Our current config is below:

    <spark.version>[2.3.1,)</spark.version>
    <hadoop.version>2.5.3</hadoop.version>
    <yarn.version>2.7.3</yarn.version>

Is there a config=Dict() option that would allow me to set those in the SparkSession?

It turns out Julia sets read-only permissions to some files of installed packages. If you have fully functional Julia terminal, you can overcome it using ] dev Spark command which will switch to development version of the package and remove all restrictions.
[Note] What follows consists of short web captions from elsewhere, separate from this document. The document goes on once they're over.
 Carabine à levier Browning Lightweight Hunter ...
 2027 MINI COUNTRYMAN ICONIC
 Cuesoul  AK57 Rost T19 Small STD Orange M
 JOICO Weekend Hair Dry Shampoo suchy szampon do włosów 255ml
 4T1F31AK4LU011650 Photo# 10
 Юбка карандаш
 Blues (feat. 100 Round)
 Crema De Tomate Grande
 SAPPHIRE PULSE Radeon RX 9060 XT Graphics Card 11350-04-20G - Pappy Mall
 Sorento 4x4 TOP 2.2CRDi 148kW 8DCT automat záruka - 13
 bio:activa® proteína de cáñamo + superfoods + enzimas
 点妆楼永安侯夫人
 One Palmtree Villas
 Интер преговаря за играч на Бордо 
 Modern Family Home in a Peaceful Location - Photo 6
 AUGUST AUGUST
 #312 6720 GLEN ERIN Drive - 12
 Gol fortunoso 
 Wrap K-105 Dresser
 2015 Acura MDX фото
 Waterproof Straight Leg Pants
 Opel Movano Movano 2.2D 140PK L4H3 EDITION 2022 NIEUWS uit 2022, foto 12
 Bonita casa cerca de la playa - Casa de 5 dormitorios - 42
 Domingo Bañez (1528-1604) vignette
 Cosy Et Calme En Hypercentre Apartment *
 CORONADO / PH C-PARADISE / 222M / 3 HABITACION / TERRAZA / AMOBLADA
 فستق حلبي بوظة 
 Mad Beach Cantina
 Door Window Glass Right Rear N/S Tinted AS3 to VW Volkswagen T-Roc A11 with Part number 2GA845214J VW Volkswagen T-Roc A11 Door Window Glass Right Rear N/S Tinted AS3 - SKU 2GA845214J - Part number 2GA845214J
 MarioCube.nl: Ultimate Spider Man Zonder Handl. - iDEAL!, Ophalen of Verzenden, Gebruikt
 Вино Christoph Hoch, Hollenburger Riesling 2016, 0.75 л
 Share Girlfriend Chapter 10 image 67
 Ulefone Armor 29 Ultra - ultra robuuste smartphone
(Pkg.develop("Spark") was also supposed to work, but it didn’t on my system. Anyway, all the files in the package are still owned by you, so you should be able to change the permissions)

Alternatively, you can build Spark.jl JARs manually and provide library versions as parameters:

cd ~/.julia/packages/Spark/kFCaM/jvm/sparkjl/  # or wherever your package is installed
maven -Dspark.version=2.3.1 -Dhadoop.version=2.5.3 -Dyarn.version=2.7.3

Note that whatever method you use, you should have maven installed on your system.

@dfdx It appears that I am not allowed to install Maven on the platform. I have tried several times but the build bombs out with an unexpected error. I guess at this point we gave a hell of a try to get this figured out.

I will attending the conference in July, maybe we can get together if you are going to see if being face to face makes this easier to resolve.

I don’t know what else we can do at this point. If you have any other ideas, I will keep trying them out.

Thank you for all your help trying to get this resolved.